## GIVEN DATA
+ + + +

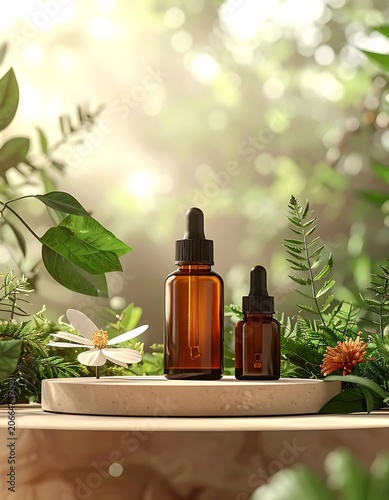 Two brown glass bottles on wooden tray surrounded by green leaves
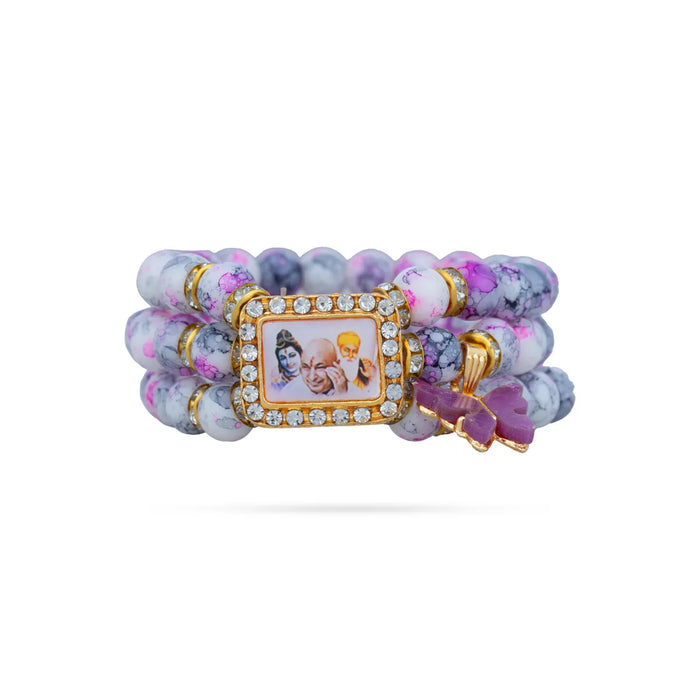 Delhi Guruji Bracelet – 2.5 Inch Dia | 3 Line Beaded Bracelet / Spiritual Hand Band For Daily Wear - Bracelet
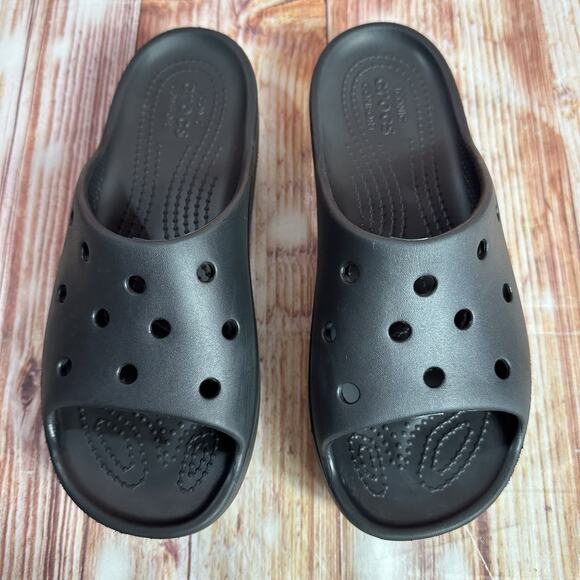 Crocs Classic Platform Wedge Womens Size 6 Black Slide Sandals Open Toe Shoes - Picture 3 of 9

+ + + +

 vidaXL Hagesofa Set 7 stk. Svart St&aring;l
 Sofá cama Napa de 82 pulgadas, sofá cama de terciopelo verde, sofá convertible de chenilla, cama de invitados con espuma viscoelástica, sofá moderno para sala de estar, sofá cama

+ + + +

Beginning with the line holding "vidaXL Hagesofa Set 7 stk. Svart St&aring;l" and ending with the line holding "Sofá cama Napa", write out the stretch of material above exactly; add no further lines.

## OUTPUT BELOW
 vidaXL Hagesofa Set 7 stk. Svart St&aring;l
 Sofá cama Napa de 82 pulgadas, sofá cama de terciopelo verde, sofá convertible de chenilla, cama de invitados con espuma viscoelástica, sofá moderno para sala de estar, sofá cama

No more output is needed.